What the exercise asks
Your answer should be the full data, transcribed exactly, with no pictures in it.

Dataset section

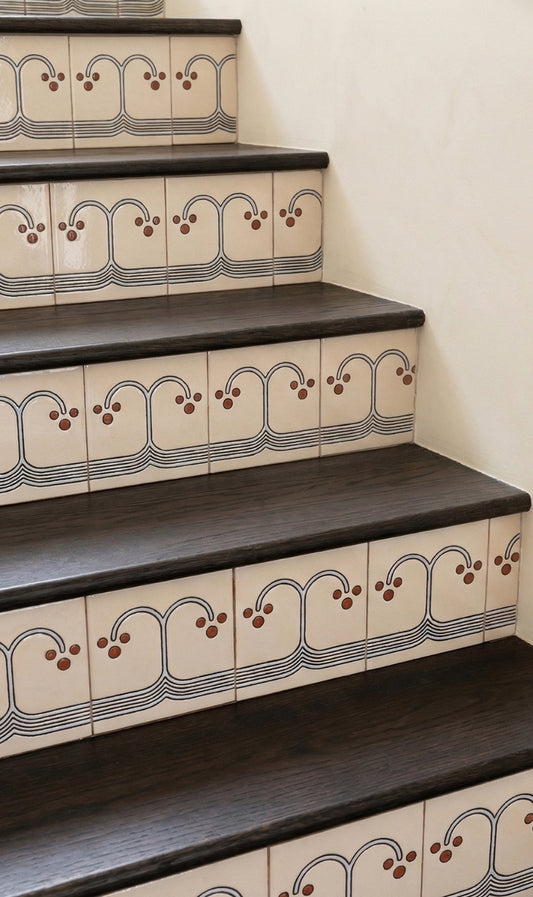 Cream pattern tile from Clay Imports with a repeating curvilinear wave and berry-like dot design on stair risers, alongside dark wood treads.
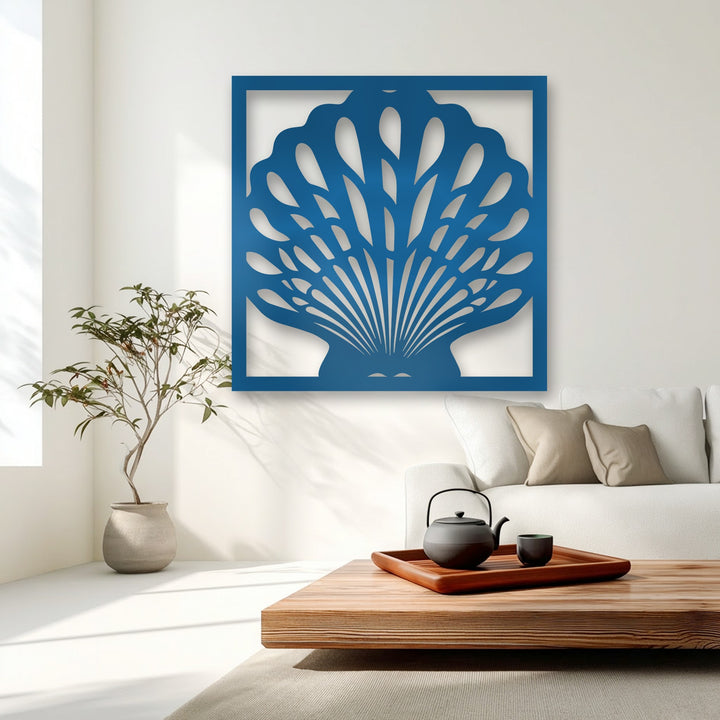 The striking transition between the deep azure metal art for wall and the crisp white wall accentuates the elegant seashell design.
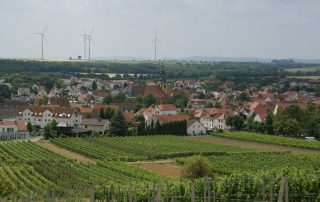 Zu sehen ist ein Dorf. Im VOrdergrund ist ein Weingut zu sehen. Dahinter das Dorf, Wald und Berge. Im Hintergrund einige Windräder.
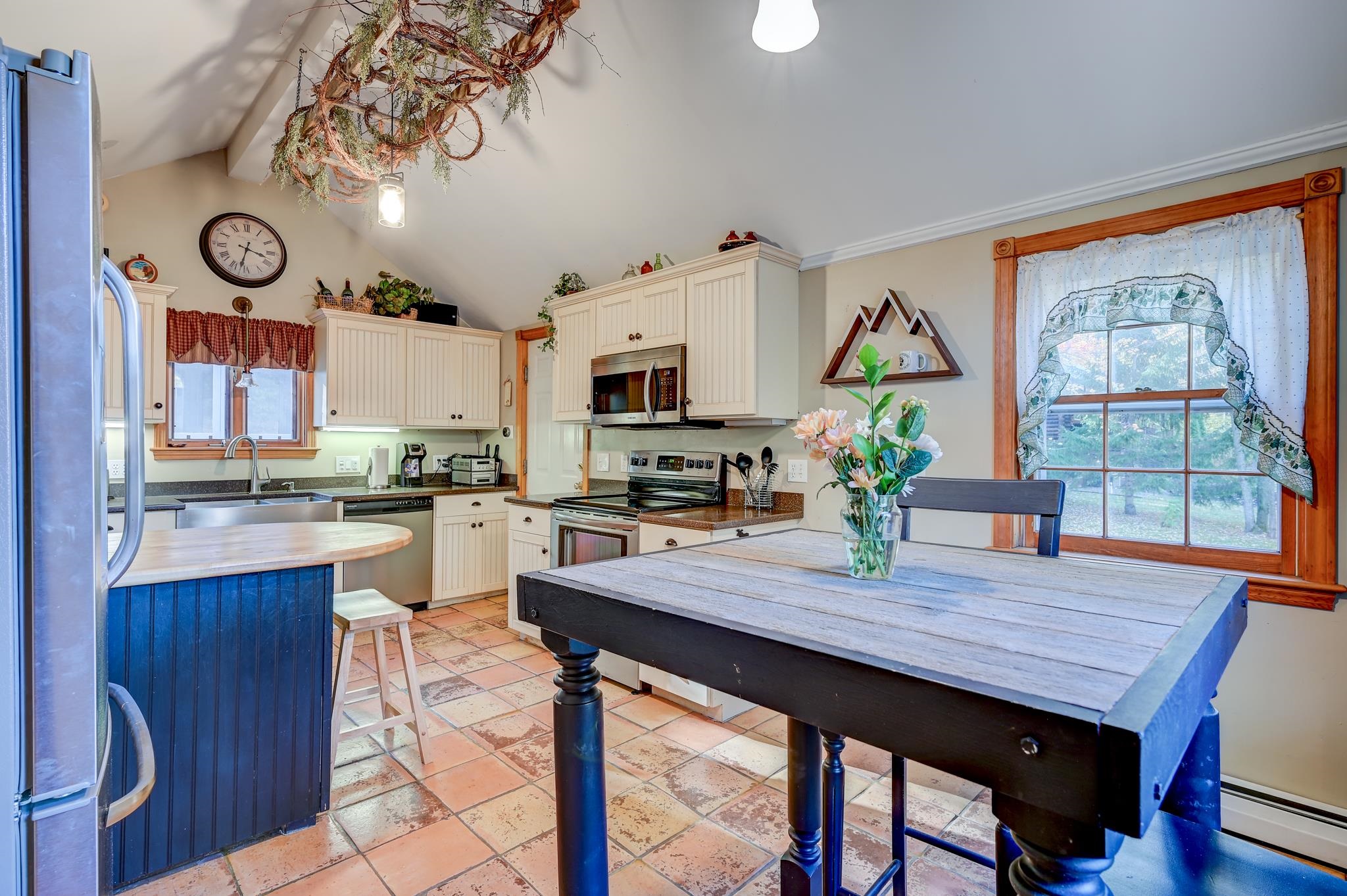 Kitchen with cream cabinets, terracotta tile, a blue island, and a large dining table by the window.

Task answer
 Cream pattern tile from Clay Imports with a repeating curvilinear wave and berry-like dot design on stair risers, alongside dark wood treads.
 The striking transition between the deep azure metal art for wall and the crisp white wall accentuates the elegant seashell design.
 Zu sehen ist ein Dorf. Im VOrdergrund ist ein Weingut zu sehen. Dahinter das Dorf, Wald und Berge. Im Hintergrund einige Windräder.
 Kitchen with cream cabinets, terracotta tile, a blue island, and a large dining table by the window.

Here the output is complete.